## AIM OF THE EXERCISE
Only a number is wanted: how many lines in these records contain the word "Piece"?

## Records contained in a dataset
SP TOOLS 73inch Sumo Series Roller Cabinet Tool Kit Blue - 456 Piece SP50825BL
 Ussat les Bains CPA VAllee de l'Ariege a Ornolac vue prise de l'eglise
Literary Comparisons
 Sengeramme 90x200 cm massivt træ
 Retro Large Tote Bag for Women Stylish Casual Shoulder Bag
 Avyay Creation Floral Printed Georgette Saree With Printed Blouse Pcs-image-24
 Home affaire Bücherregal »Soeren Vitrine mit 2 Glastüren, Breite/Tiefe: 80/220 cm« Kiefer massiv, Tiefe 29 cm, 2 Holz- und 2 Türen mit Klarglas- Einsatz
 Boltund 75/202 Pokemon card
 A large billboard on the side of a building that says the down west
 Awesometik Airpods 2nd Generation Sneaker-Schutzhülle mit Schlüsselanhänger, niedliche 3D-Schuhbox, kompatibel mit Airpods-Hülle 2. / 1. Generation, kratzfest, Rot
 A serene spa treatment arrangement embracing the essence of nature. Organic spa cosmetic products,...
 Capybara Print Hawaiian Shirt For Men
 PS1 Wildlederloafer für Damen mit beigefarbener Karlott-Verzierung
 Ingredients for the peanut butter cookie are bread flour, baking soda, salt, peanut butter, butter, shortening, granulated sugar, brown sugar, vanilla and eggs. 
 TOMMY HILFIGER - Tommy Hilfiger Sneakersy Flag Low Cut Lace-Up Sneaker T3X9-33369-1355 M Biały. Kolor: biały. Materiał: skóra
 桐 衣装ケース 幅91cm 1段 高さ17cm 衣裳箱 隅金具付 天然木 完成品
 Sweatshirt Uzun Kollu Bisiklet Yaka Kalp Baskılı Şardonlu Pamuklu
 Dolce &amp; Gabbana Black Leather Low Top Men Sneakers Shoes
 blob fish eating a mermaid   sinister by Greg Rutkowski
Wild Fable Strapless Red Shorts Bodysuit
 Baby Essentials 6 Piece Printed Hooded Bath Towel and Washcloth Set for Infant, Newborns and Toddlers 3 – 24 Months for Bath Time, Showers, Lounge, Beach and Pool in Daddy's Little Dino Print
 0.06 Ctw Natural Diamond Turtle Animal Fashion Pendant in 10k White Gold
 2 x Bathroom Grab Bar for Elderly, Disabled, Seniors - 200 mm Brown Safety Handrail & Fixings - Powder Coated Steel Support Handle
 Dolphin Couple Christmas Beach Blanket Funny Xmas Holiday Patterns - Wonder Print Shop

## TASK ANSWER
2